As Western New Yorkers anxiously await the first sign of winter white, New York’s Christmas tree farmers are hoping to see a lot of green this holiday season.
The state is one of the top Christmas tree producers in the country, raking fourth behind Oregon, North Carolina and Pennsylvania.
Most states in the US are seeing a decline in Christmas tree farms. But not New York, according to Mary Jeanne Packer, head of Christmas Tree Farmers Association of New York.
“Here in New York, we have about 875 Christmas tree farms, and nearly all of them are family-owned, sometimes even multiple generations getting involved in ownership,” said Packer. “It’s also an easier kind of farming to get into for new and beginning farmers than some other, especially animal, agriculture.”
Packer touts the environmental benefits of Christmas tree farming. One acre of Christmas trees consumes about 500 pounds of carbon dioxide and produces about 1,000 pounds of oxygen every year. Statewide, there are nearly 19,000 acres of Christmas trees being grown today.
Christmas tree farming is an $8 million-a-year industry in New York, with farms growing nearly 19 million trees. Packer says most of the farms are family-owned and buy equipment from local suppliers, bringing the total economic impact of specialty crop farmers to almost $15 million a year.
Packer points to fertile soil, smart farmers, and urban consumers.
“There is a long period between when a seedling is planted and when it’s harvested, which may be 7, 8, even 10 years.

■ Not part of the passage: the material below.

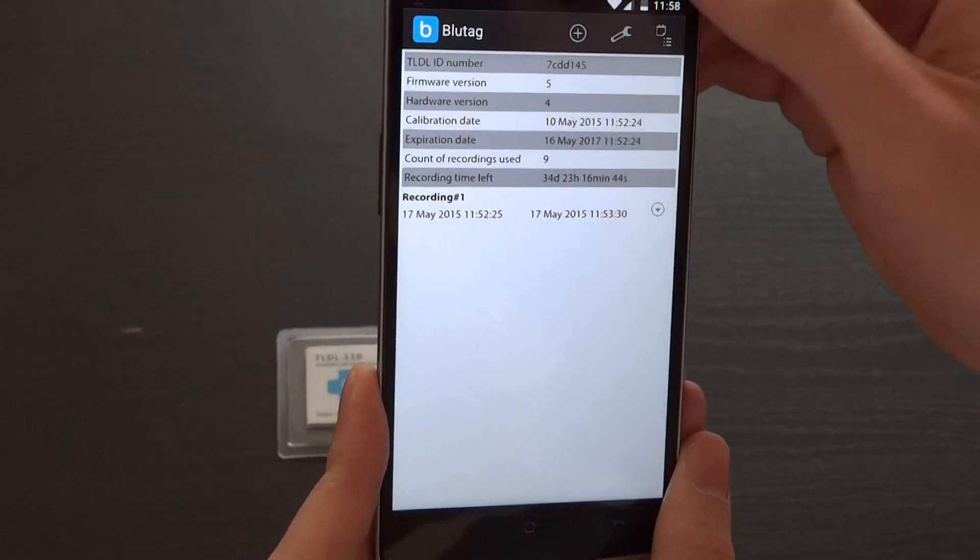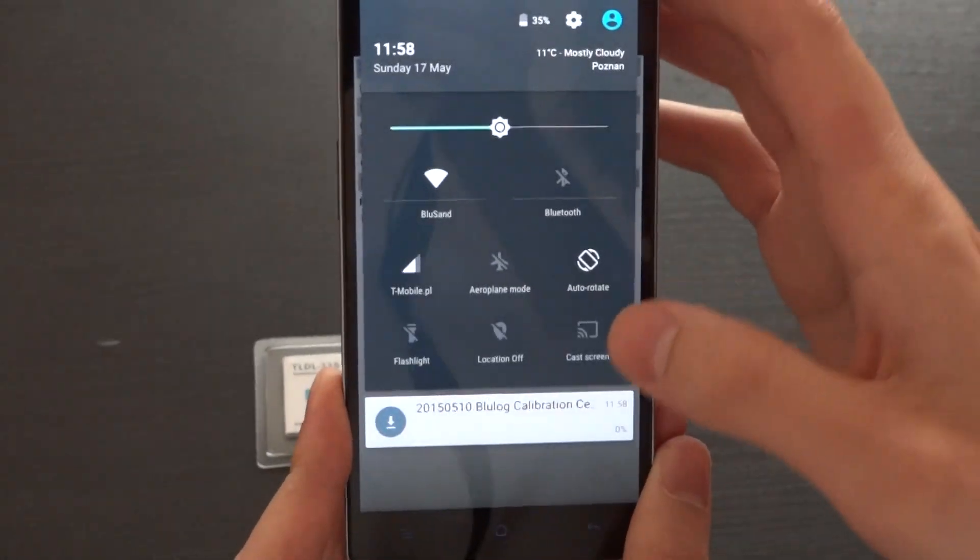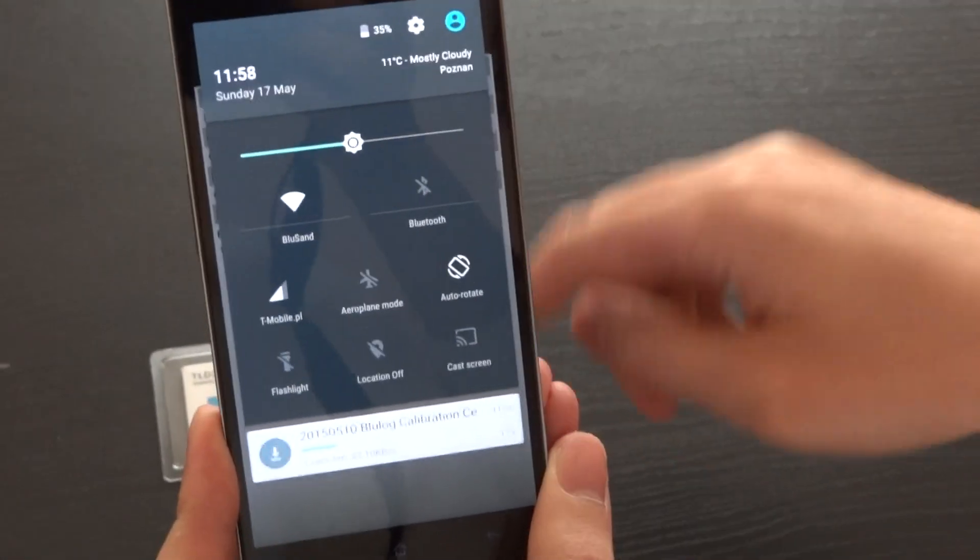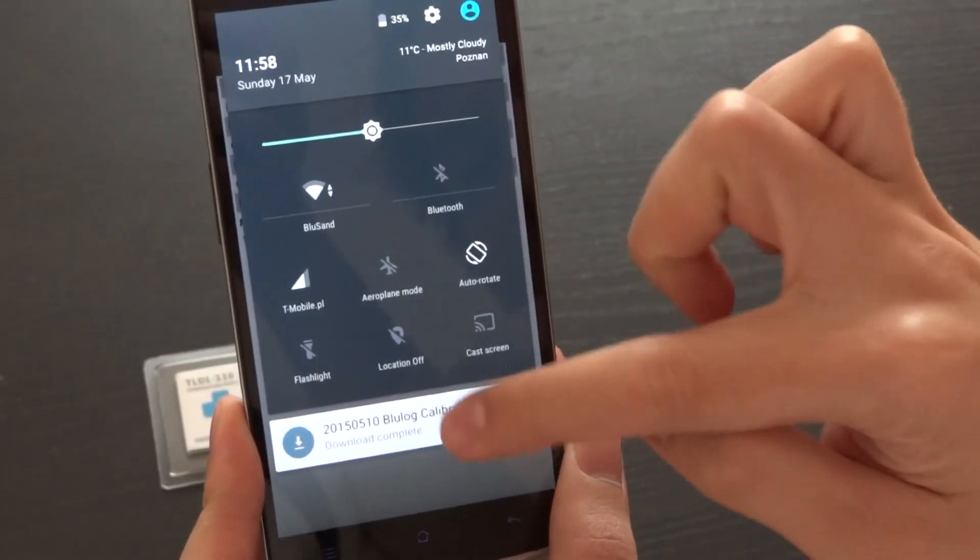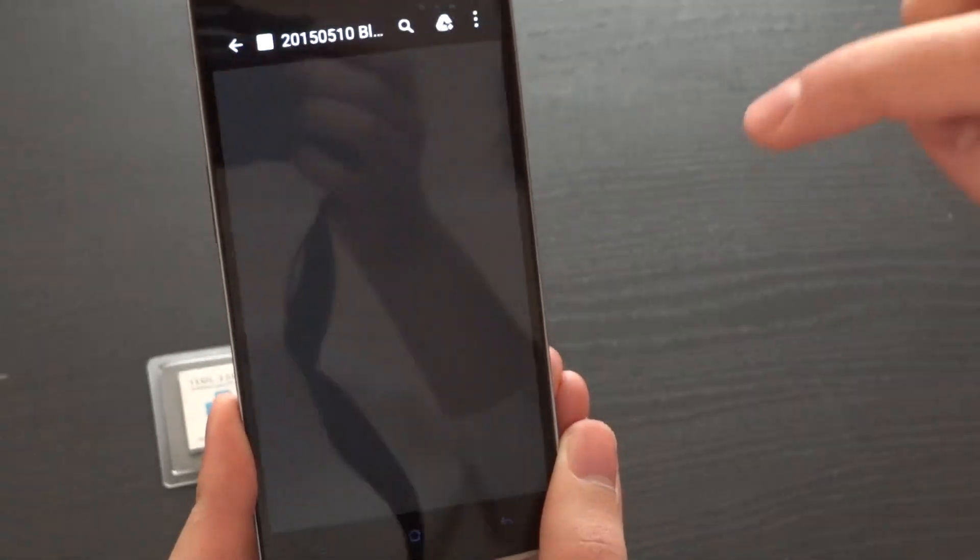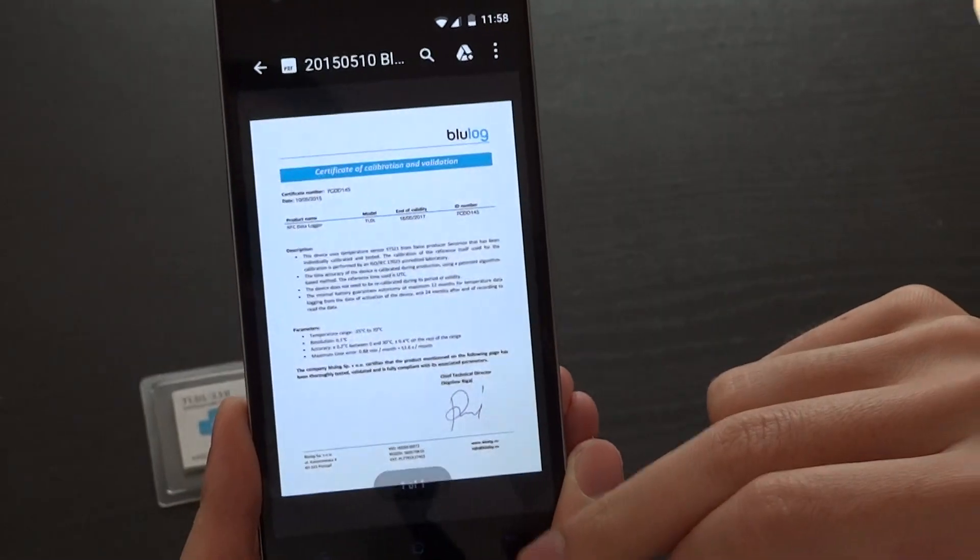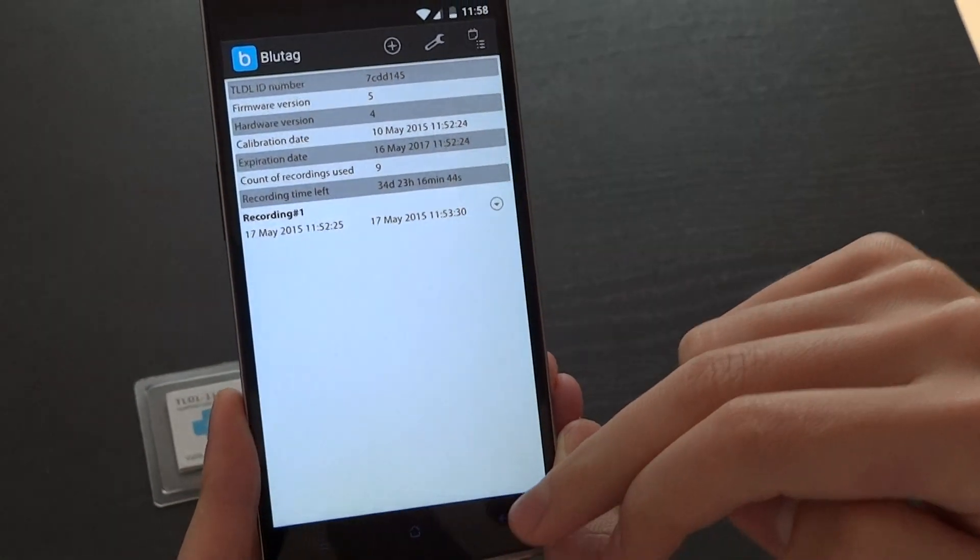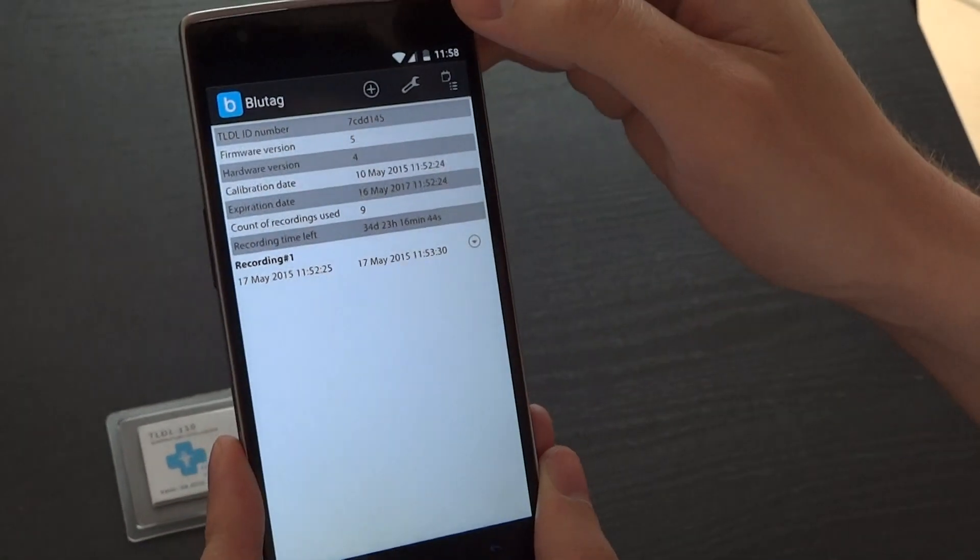From this page, you can download the calibration certificate which is provided for each device, and you can start a new recording.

That’s another reason why we’re excited about urban markets, upstate and New York City, because typically those consumers have smaller spaces and are looking for smaller trees. So there’s a shorter period from when the tree is planted until it’s cut,” said Packer.
Not all Christmas trees are grown to fit into living rooms. Domes Tree Farm in Bliss Thursday cut down a 30 foot white fir for the 16th Annual Winter’s Eve celebration at Lincoln Square in New York City.